_Required action_
Could you retype exactly the lines below between the one holding "ZERO HALLIBURTON グリップスタンド" and the one holding "Blackmores Fish Oil 1000mg - 400 Capsules", inclusive, leaving out any pictures?

_Material supplied_
_ _ _

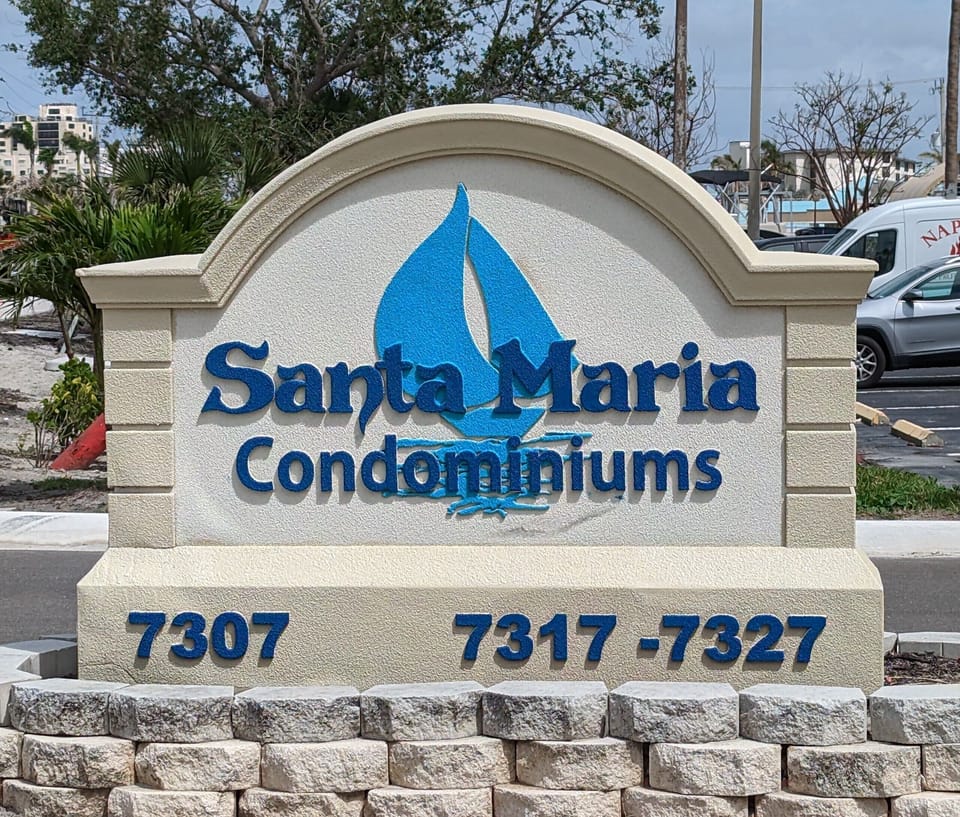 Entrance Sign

_ _ _

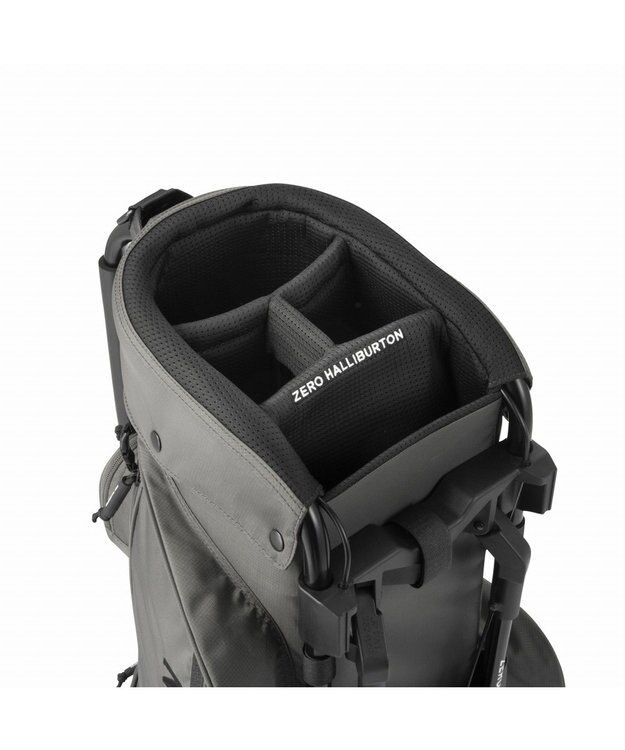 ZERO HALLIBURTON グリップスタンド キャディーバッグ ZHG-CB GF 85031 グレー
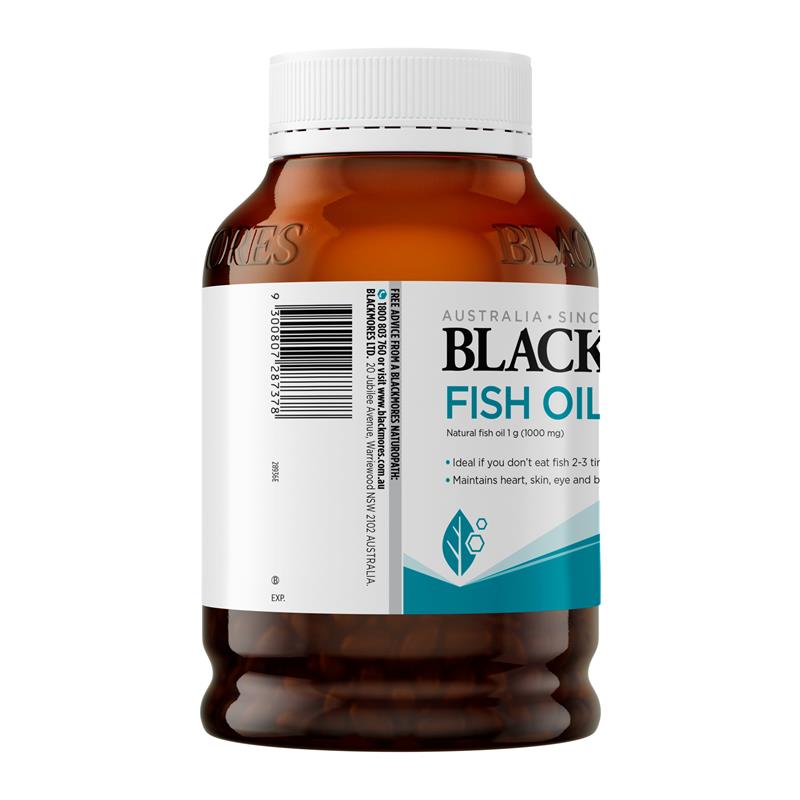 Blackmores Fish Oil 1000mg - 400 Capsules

_ _ _

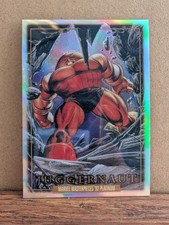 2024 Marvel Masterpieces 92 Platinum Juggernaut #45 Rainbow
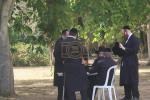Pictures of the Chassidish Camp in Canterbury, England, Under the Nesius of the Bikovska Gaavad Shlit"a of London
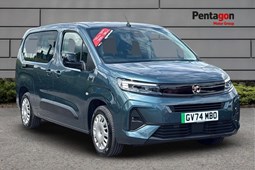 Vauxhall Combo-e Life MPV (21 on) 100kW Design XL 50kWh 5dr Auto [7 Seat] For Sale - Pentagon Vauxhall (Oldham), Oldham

_ _ _

_Answer area_
 ZERO HALLIBURTON グリップスタンド キャディーバッグ ZHG-CB GF 85031 グレー
 Blackmores Fish Oil 1000mg - 400 Capsules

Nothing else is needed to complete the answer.